# Reduce Data

**revise and add to paper**

> Stratified random sampling by category is commonly employed in the analysis of imbalanced datasets, where certain categories have a significantly larger number of data points compared to others. This technique ensures that each category is proportionally represented in the sample, promoting a more balanced analysis and modeling process.However, it is important to acknowledge that the smaller sample size may affect the generalizability of the results and introduce some degree of sampling variability.

> In this project, the dataset consists of over 300,000 rows, and the objective is to create a representative sample for analysis and modeling purposes. However, due to resource constraints and the need to strike a balance between computational feasibility and sample size, the decision was made to reduce the sample size to 4,500 per category. It is recognized that this sample size may not fully capture the intricacies of each category, but it provides a reasonable representation of the data and enables the project to progress with the analysis.

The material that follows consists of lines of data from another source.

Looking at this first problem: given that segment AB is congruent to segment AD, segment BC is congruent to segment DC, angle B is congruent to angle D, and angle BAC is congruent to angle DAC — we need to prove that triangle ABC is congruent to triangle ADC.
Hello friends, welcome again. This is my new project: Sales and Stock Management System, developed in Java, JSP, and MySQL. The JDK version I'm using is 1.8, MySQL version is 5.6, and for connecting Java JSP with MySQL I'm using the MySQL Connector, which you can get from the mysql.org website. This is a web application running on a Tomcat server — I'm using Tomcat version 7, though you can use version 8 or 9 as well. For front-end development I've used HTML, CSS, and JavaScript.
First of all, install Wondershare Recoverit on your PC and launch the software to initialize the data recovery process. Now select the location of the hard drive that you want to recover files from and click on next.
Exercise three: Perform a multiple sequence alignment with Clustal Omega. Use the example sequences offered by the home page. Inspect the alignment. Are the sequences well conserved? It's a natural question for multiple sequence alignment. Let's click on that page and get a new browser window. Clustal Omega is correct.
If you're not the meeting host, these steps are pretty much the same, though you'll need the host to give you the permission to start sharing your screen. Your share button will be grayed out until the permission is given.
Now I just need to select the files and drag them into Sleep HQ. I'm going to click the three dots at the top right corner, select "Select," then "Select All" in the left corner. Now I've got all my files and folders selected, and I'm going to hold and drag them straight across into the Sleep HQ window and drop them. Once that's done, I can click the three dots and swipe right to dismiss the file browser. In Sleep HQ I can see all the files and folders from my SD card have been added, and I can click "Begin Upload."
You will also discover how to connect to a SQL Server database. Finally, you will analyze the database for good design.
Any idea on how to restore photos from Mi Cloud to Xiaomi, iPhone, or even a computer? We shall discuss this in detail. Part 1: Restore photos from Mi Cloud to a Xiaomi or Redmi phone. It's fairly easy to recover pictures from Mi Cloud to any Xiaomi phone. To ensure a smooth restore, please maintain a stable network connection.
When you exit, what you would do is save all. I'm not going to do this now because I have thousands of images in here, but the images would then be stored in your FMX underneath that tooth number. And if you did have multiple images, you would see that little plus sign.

> Although the reduced sample size is lower than the mean of 19,810.5 (calculated by dividing the total number of rows by the total number of categories), it still provides an adequate number of observations for analysis. While the smaller sample size may not capture the entire population, it allows for the exploration of key category characteristics and addresses the challenges associated with class imbalance.

> Despite these limitations, the selected sample size allows for meaningful insights and reliable conclusions within the scope of the project's constraints.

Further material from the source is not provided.